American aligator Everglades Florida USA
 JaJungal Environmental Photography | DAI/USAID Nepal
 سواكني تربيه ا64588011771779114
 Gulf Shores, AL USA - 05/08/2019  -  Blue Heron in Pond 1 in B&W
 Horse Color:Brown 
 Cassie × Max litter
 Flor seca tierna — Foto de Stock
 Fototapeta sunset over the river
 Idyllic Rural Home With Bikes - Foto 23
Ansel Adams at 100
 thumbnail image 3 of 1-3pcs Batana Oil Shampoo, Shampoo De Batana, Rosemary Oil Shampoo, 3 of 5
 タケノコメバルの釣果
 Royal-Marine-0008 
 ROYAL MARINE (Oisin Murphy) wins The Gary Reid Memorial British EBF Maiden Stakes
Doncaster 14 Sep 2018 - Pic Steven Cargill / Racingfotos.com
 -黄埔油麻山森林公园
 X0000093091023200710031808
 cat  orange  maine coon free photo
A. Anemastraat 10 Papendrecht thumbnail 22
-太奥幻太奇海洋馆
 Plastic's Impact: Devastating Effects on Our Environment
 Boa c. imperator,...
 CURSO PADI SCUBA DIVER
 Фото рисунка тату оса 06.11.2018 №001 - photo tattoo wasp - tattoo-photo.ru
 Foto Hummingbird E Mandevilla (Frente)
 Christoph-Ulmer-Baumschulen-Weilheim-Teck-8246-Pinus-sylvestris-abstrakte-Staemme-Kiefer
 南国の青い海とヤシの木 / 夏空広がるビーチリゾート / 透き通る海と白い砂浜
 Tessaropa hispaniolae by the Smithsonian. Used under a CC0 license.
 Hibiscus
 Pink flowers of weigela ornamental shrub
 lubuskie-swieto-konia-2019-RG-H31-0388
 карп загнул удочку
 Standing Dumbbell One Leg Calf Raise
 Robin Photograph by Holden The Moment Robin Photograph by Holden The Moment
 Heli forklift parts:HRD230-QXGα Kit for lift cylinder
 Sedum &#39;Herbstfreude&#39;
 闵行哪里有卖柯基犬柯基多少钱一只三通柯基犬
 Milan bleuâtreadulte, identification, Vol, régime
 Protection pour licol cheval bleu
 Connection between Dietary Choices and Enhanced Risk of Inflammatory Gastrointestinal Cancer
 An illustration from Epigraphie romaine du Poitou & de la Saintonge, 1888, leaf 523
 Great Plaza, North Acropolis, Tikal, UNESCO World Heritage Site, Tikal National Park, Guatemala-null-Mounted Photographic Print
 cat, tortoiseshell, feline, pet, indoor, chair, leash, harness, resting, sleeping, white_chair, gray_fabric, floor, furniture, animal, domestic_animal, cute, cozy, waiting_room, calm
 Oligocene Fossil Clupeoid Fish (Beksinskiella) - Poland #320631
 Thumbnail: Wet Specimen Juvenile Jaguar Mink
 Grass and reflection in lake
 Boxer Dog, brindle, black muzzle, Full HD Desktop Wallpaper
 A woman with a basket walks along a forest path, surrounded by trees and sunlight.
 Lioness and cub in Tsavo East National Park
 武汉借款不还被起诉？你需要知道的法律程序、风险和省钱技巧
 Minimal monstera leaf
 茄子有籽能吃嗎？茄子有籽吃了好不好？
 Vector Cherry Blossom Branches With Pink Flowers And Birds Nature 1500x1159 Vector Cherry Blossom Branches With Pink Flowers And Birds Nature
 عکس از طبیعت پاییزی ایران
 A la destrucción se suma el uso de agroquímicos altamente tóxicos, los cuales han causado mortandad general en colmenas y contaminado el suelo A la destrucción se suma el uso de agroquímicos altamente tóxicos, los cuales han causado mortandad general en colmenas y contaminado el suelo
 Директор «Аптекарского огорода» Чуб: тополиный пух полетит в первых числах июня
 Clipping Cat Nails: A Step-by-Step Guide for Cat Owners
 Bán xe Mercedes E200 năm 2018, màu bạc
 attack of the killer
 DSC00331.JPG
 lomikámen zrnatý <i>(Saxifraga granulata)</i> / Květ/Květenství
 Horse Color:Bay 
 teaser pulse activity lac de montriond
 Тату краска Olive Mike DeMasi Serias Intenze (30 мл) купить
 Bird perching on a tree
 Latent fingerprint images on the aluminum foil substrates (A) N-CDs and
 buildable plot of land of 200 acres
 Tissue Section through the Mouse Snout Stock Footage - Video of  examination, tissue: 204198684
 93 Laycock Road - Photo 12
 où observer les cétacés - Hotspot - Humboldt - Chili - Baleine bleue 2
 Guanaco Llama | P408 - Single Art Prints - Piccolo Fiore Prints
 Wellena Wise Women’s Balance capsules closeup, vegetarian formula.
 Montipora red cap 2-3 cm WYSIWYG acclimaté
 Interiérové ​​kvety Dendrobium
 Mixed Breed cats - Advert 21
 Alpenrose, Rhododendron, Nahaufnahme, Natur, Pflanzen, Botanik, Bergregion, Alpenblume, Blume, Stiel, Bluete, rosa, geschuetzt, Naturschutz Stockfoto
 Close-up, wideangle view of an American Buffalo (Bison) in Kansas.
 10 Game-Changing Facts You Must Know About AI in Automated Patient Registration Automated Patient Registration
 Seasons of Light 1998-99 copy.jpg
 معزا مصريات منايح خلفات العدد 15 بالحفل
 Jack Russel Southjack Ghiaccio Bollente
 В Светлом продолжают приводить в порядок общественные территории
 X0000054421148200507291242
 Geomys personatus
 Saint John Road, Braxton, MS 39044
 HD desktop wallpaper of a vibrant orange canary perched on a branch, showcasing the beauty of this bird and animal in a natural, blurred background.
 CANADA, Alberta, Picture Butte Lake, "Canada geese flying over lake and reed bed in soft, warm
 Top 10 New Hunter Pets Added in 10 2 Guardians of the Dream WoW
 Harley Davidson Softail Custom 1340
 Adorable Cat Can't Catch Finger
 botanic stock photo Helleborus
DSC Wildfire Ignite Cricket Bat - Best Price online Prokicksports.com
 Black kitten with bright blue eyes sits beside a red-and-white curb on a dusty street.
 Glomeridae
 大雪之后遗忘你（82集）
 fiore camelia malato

::::::

■ Exercise directions
Line by line, retype all of the entries.

■ Problem solution
American aligator Everglades Florida USA
 JaJungal Environmental Photography | DAI/USAID Nepal
 سواكني تربيه ا64588011771779114
 Gulf Shores, AL USA - 05/08/2019  -  Blue Heron in Pond 1 in B&W
 Horse Color:Brown 
 Cassie × Max litter
 Flor seca tierna — Foto de Stock
 Fototapeta sunset over the river
 Idyllic Rural Home With Bikes - Foto 23
Ansel Adams at 100
 thumbnail image 3 of 1-3pcs Batana Oil Shampoo, Shampoo De Batana, Rosemary Oil Shampoo, 3 of 5
 タケノコメバルの釣果
 Royal-Marine-0008 
 ROYAL MARINE (Oisin Murphy) wins The Gary Reid Memorial British EBF Maiden Stakes
Doncaster 14 Sep 2018 - Pic Steven Cargill / Racingfotos.com
 -黄埔油麻山森林公园
 X0000093091023200710031808
 cat  orange  maine coon free photo
A. Anemastraat 10 Papendrecht thumbnail 22
-太奥幻太奇海洋馆
 Plastic's Impact: Devastating Effects on Our Environment
 Boa c. imperator,...
 CURSO PADI SCUBA DIVER
 Фото рисунка тату оса 06.11.2018 №001 - photo tattoo wasp - tattoo-photo.ru
 Foto Hummingbird E Mandevilla (Frente)
 Christoph-Ulmer-Baumschulen-Weilheim-Teck-8246-Pinus-sylvestris-abstrakte-Staemme-Kiefer
 南国の青い海とヤシの木 / 夏空広がるビーチリゾート / 透き通る海と白い砂浜
 Tessaropa hispaniolae by the Smithsonian. Used under a CC0 license.
 Hibiscus
 Pink flowers of weigela ornamental shrub
 lubuskie-swieto-konia-2019-RG-H31-0388
 карп загнул удочку
 Standing Dumbbell One Leg Calf Raise
 Robin Photograph by Holden The Moment Robin Photograph by Holden The Moment
 Heli forklift parts:HRD230-QXGα Kit for lift cylinder
 Sedum &#39;Herbstfreude&#39;
 闵行哪里有卖柯基犬柯基多少钱一只三通柯基犬
 Milan bleuâtreadulte, identification, Vol, régime
 Protection pour licol cheval bleu
 Connection between Dietary Choices and Enhanced Risk of Inflammatory Gastrointestinal Cancer
 An illustration from Epigraphie romaine du Poitou & de la Saintonge, 1888, leaf 523
 Great Plaza, North Acropolis, Tikal, UNESCO World Heritage Site, Tikal National Park, Guatemala-null-Mounted Photographic Print
 cat, tortoiseshell, feline, pet, indoor, chair, leash, harness, resting, sleeping, white_chair, gray_fabric, floor, furniture, animal, domestic_animal, cute, cozy, waiting_room, calm
 Oligocene Fossil Clupeoid Fish (Beksinskiella) - Poland #320631
 Thumbnail: Wet Specimen Juvenile Jaguar Mink
 Grass and reflection in lake
 Boxer Dog, brindle, black muzzle, Full HD Desktop Wallpaper
 A woman with a basket walks along a forest path, surrounded by trees and sunlight.
 Lioness and cub in Tsavo East National Park
 武汉借款不还被起诉？你需要知道的法律程序、风险和省钱技巧
 Minimal monstera leaf
 茄子有籽能吃嗎？茄子有籽吃了好不好？
 Vector Cherry Blossom Branches With Pink Flowers And Birds Nature 1500x1159 Vector Cherry Blossom Branches With Pink Flowers And Birds Nature
 عکس از طبیعت پاییزی ایران
 A la destrucción se suma el uso de agroquímicos altamente tóxicos, los cuales han causado mortandad general en colmenas y contaminado el suelo A la destrucción se suma el uso de agroquímicos altamente tóxicos, los cuales han causado mortandad general en colmenas y contaminado el suelo
 Директор «Аптекарского огорода» Чуб: тополиный пух полетит в первых числах июня
 Clipping Cat Nails: A Step-by-Step Guide for Cat Owners
 Bán xe Mercedes E200 năm 2018, màu bạc
 attack of the killer
 DSC00331.JPG
 lomikámen zrnatý <i>(Saxifraga granulata)</i> / Květ/Květenství
 Horse Color:Bay 
 teaser pulse activity lac de montriond
 Тату краска Olive Mike DeMasi Serias Intenze (30 мл) купить
 Bird perching on a tree
 Latent fingerprint images on the aluminum foil substrates (A) N-CDs and
 buildable plot of land of 200 acres
 Tissue Section through the Mouse Snout Stock Footage - Video of  examination, tissue: 204198684
 93 Laycock Road - Photo 12
 où observer les cétacés - Hotspot - Humboldt - Chili - Baleine bleue 2
 Guanaco Llama | P408 - Single Art Prints - Piccolo Fiore Prints
 Wellena Wise Women’s Balance capsules closeup, vegetarian formula.
 Montipora red cap 2-3 cm WYSIWYG acclimaté
 Interiérové ​​kvety Dendrobium
 Mixed Breed cats - Advert 21
 Alpenrose, Rhododendron, Nahaufnahme, Natur, Pflanzen, Botanik, Bergregion, Alpenblume, Blume, Stiel, Bluete, rosa, geschuetzt, Naturschutz Stockfoto
 Close-up, wideangle view of an American Buffalo (Bison) in Kansas.
 10 Game-Changing Facts You Must Know About AI in Automated Patient Registration Automated Patient Registration
 Seasons of Light 1998-99 copy.jpg
 معزا مصريات منايح خلفات العدد 15 بالحفل
 Jack Russel Southjack Ghiaccio Bollente
 В Светлом продолжают приводить в порядок общественные территории
 X0000054421148200507291242
 Geomys personatus
 Saint John Road, Braxton, MS 39044
 HD desktop wallpaper of a vibrant orange canary perched on a branch, showcasing the beauty of this bird and animal in a natural, blurred background.
 CANADA, Alberta, Picture Butte Lake, "Canada geese flying over lake and reed bed in soft, warm
 Top 10 New Hunter Pets Added in 10 2 Guardians of the Dream WoW
 Harley Davidson Softail Custom 1340
 Adorable Cat Can't Catch Finger
 botanic stock photo Helleborus
DSC Wildfire Ignite Cricket Bat - Best Price online Prokicksports.com
 Black kitten with bright blue eyes sits beside a red-and-white curb on a dusty street.
 Glomeridae
 大雪之后遗忘你（82集）
 fiore camelia malato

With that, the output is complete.